A Toast for this Mayday 2024

So, two years ago I gave a toast at our May Eve Dinner, — some of you were there — at our former home, Moonflower Farm — where among many other erudite references I quoted Plutarch claiming that at Delphi, which was mostly a temple of Apollo, they also worshipped Dionysus, but only for three months of the year, and that this was because the ratio of the world’s maintenance to its destruction by fire is 3:1.  I thought I was making a poetic reference to my mother’s cremation, which had recently transpired — but a little over a month after I proposed that toast, a wildfire had burned our home and all our possessions.

So last year I was afraid to give a toast.

But, this year, throwing caution to the winds:

 I was thinking about how some of us will be sleeping “under the stars” this weekend — and how actually we all are.  Actually we will all sleep under the stars tonight, both under them and over them, and in between them — tucked in.

I was thinking about how some friends of mine are excited to send humans out into space — as if we’re not already in space.  As if the Earth, and all of us on it, were not already hurtling through space.  Some 70,000 mph relative to the Sun — but then if you think about it, the Sun is also moving.
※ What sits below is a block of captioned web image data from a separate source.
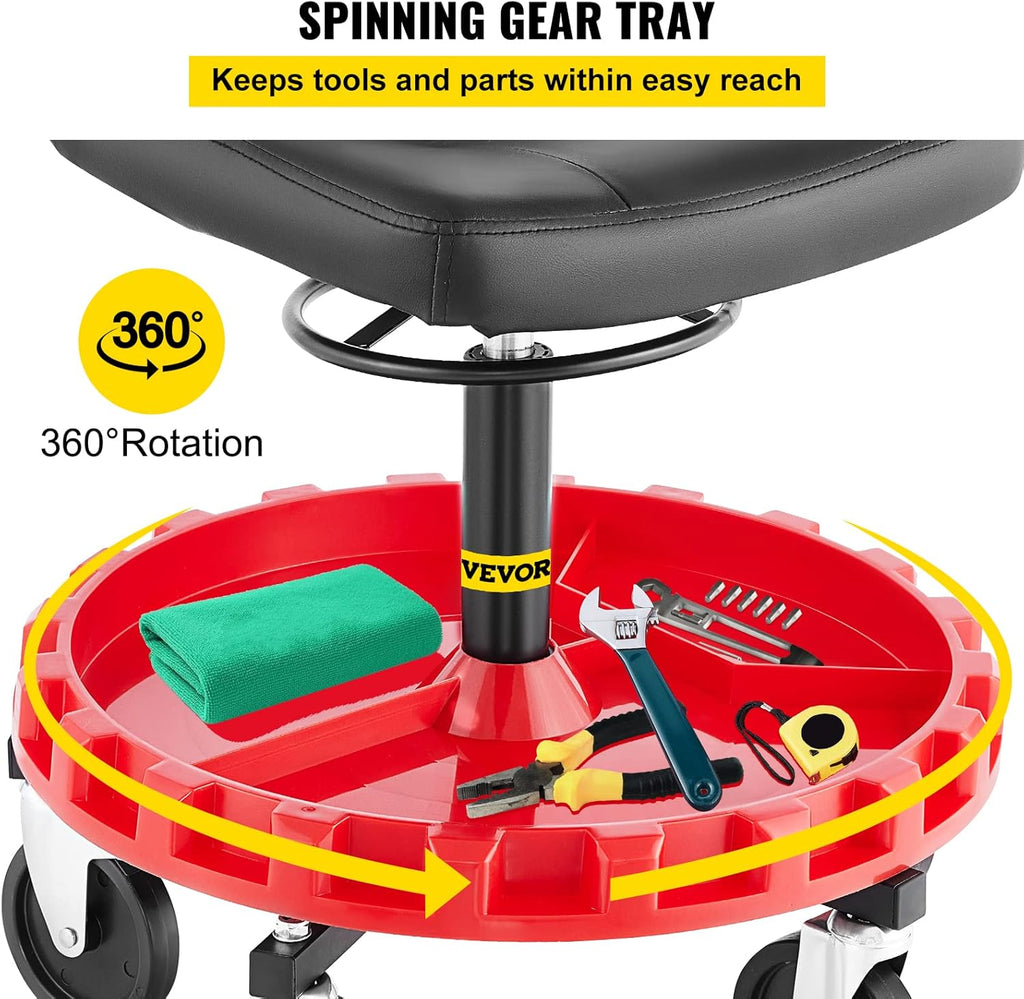 400 LBS Adjustable Height Rolling Garage Stool with Round Tray R9114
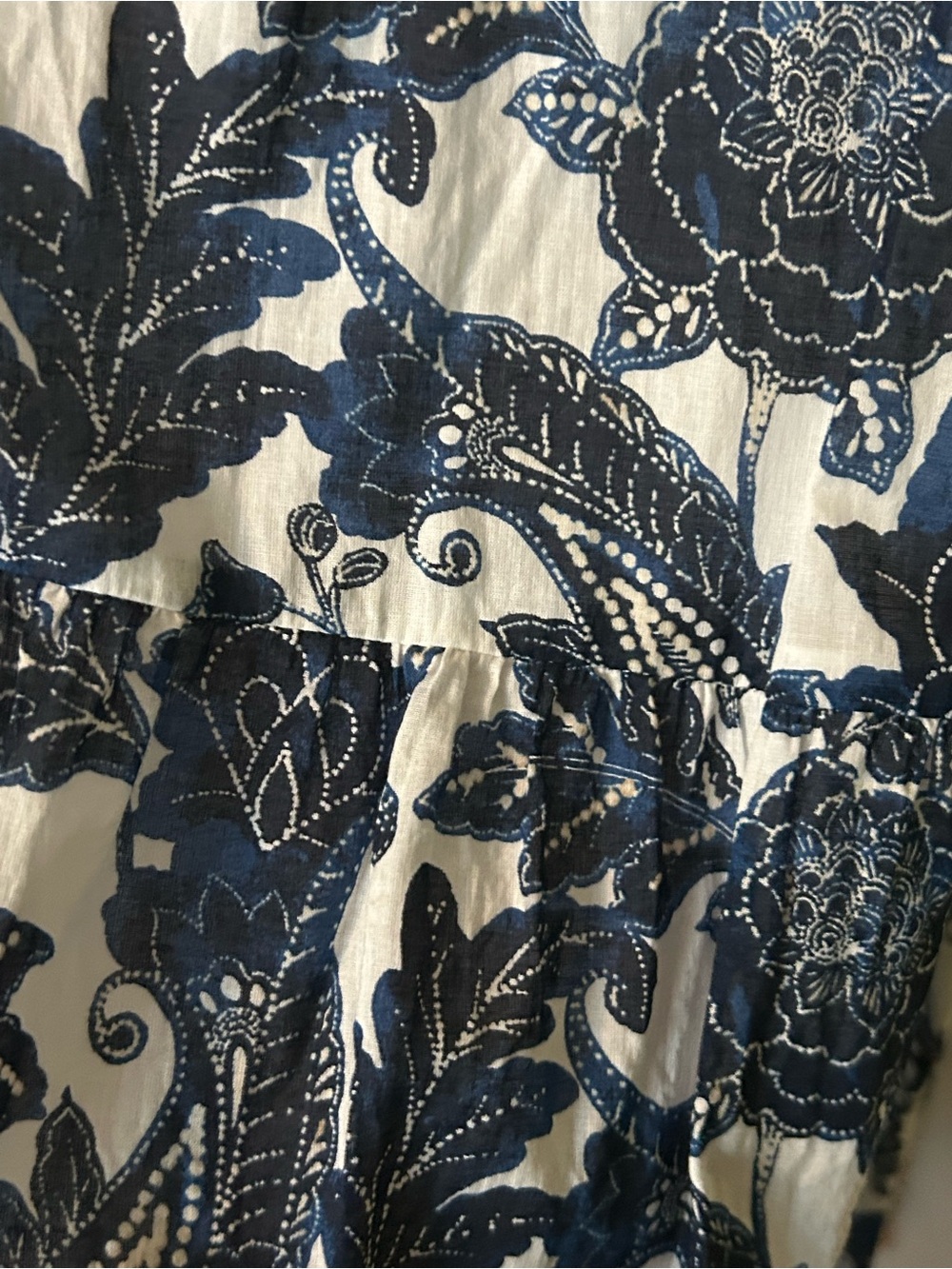 Tommy Hilfiger White Maxi Dress with Navy Floral Print - Picture 5 of 7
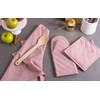 DII 100% Cotton Solid Chambray Kitchen Set, Potholders, Barn Red,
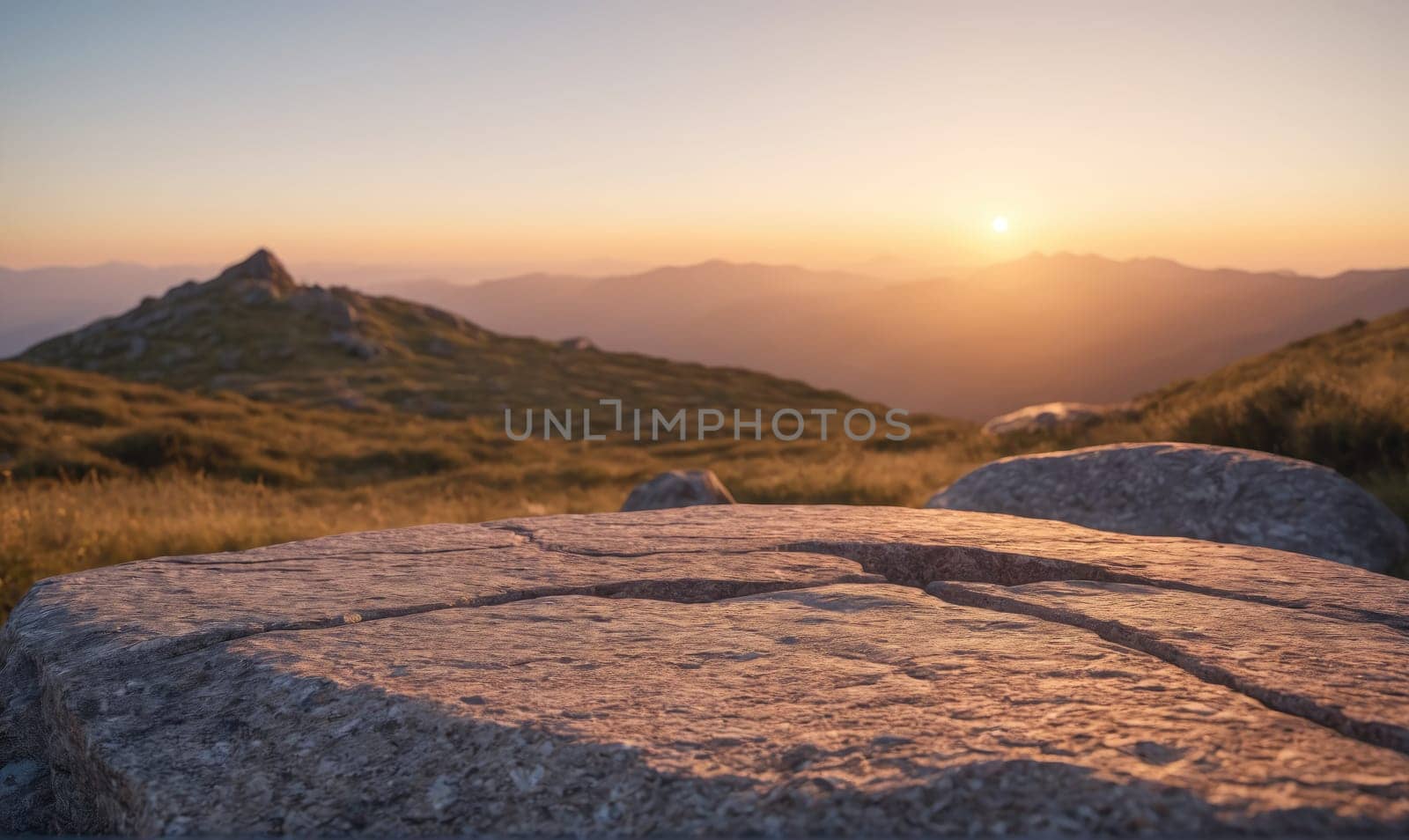 A large, flat rock sits on a grassy mountain peak. The sun is setting behind distant hills, casting a warm glow over the landscape.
The Sun — and the Earth with it — are traveling some 500,000 mph relative to the center of the galaxy.  And the galaxy itself — well.

So, the Earth may be hurtling; or I guess from another perspective it’s just drifting.  It depends on what they call the “inertial frame”.  But in any case, it is most certainly moving through space, and there is no doubt that humanity is already, and have always been, from our earliest ancestors, spacefarers.

As I was thinking about all of this, I came across in an old book the remarkable analogy that if you emptied Waterloo Station — which is an enormous building in London — of everything but six specks of dust, if you took out all the people, all the trains, all the furniture, the sandwich carts, and all that was left was six tiny specks of dust — it would still be more crowded, with dust, than space is with stars.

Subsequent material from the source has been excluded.